* _ASSIGNMENT_: Leave every image out, and return the rest of the data word for word.

* _COLLECTED DATA_:
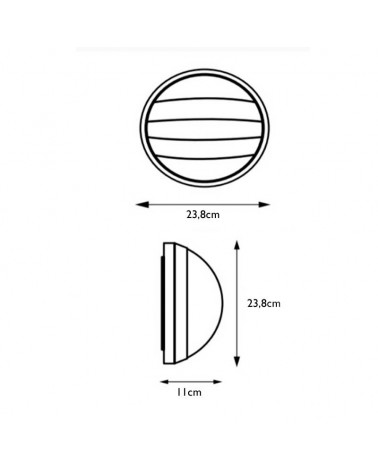Aplique de exterior de aluminio y cristal blanco E27 120W IP54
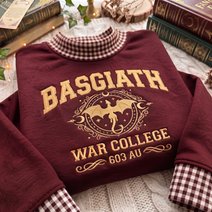 Fourth Wing Embroidered Tshirt, Dragon Rider Embroidered Sweatshirt, Wingleader Embroidered Hoodie, Dragon Academy Embroidered Gingham Sweatshirt, Basgiath War College Embroidered Mockneck Sweatshirt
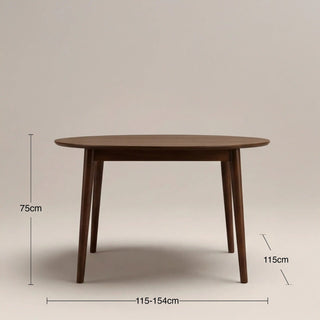 Montreux 4-6 Seat Round Wooden Laura Ashley Extendable Dining Table | Walnut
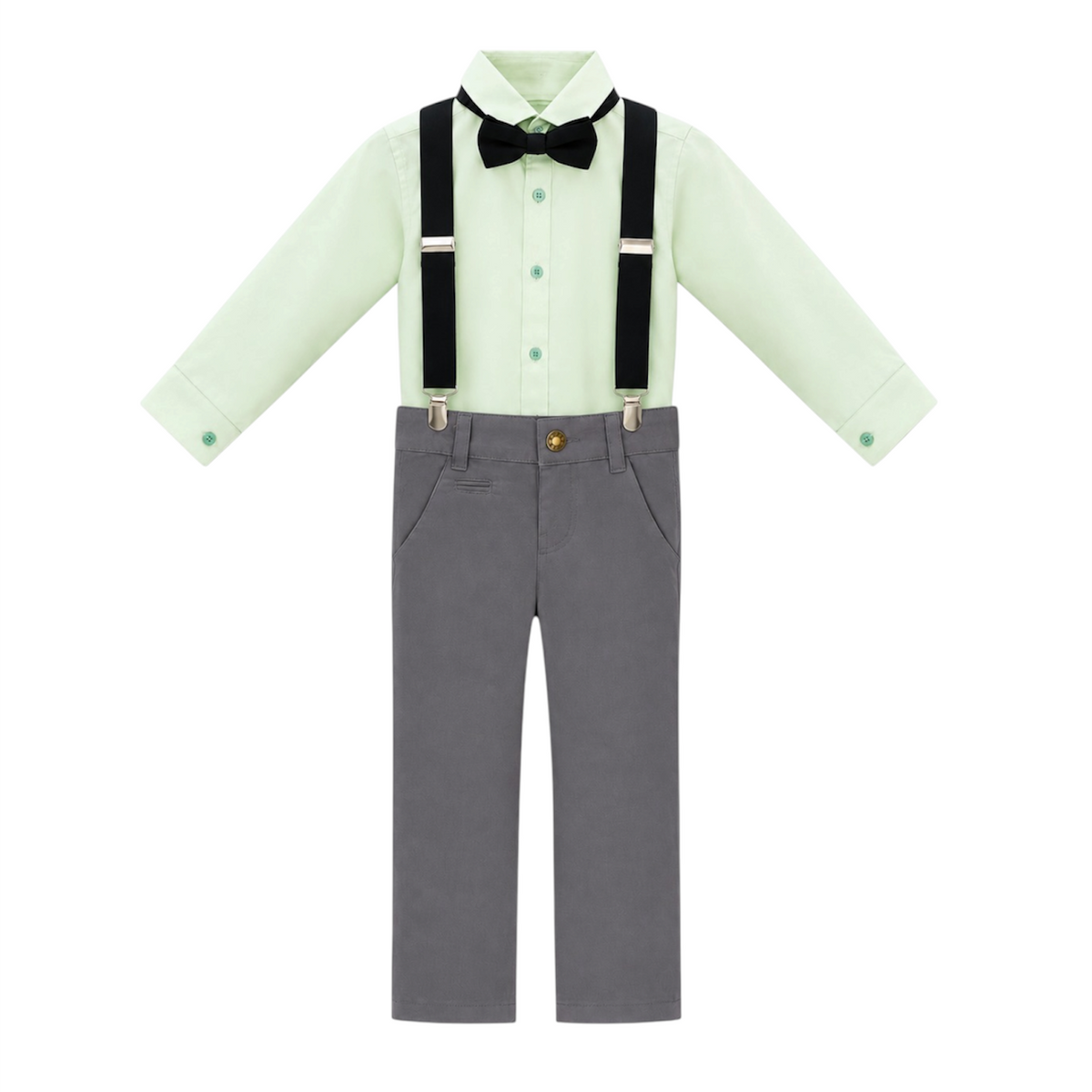 4PC Formal Wear Suit Green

* _FINAL ANSWER_:
Aplique de exterior de aluminio y cristal blanco E27 120W IP54
 Fourth Wing Embroidered Tshirt, Dragon Rider Embroidered Sweatshirt, Wingleader Embroidered Hoodie, Dragon Academy Embroidered Gingham Sweatshirt, Basgiath War College Embroidered Mockneck Sweatshirt
 Montreux 4-6 Seat Round Wooden Laura Ashley Extendable Dining Table | Walnut
 4PC Formal Wear Suit Green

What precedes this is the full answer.